じりじりとサイレウスは扉の方に後退する。
「失礼いたします。王太子殿下」
扉の向こうから訪いの声が上がる。
いきなりのことにサイレウスは上がりそうになった悲鳴を必死で飲み込んだ。
「入れ」
ユーウッドが命じると、神官服を着た男が入って来てユーウッドに近づく。
何事か耳打ちする様子を見て、サイレウスは深々と頭を下げた。
「王太子殿下はお忙しいご様子。わたしはここで……」
「待て、サイレウス」
ユーウッドは侍従に頷くと、瞳を転じた。
「いま、お前の父親を捕縛した」
「………は? ……え。

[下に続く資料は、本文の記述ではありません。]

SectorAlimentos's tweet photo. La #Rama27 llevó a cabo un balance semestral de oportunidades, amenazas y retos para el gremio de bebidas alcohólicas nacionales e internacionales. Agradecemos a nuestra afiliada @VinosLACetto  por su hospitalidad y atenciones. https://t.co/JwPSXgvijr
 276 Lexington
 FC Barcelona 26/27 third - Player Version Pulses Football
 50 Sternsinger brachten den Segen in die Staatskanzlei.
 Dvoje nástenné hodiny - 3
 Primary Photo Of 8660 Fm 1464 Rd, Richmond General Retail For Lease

な……」
サイレウスは狼狽したまま部屋中の人物の顔を順にみていく。
あどけない笑みをたたえるマリア・リア。
冷ややかな視線を向ける神官。
にやにやと粘着質な笑いを浮かべているユーウッド。
「神殿に対し、重大な情報を秘匿している。これは由々しき事態だ。審問にかけねばなるまい」
審問。
その一言にサイレウスは震えあがった。
やつらのそれは〝審問〟と呼べるものではない。
拷問であり、結論ありきの尋問だ。
結果、神殿から異端の認定でも受けようものなら、タートル子爵一門すべてが滅ぶ。
「わたしがいま、なにが欲しいかわかるか、サイレウス」
ユーウッドはソファのひじ掛けに頬杖をついた。サイレウスは小刻みに震えていた。
怒りと恐怖がないまぜになって震える自分の左手は、知らぬうちに何度も腰にない佩刀を探っている。
「マーガレットからの手紙があるな? それと引き換えに、お前の父親を返してやろう」
ユーウッドの語尾にマリア・リアの甘たるい声が混じる。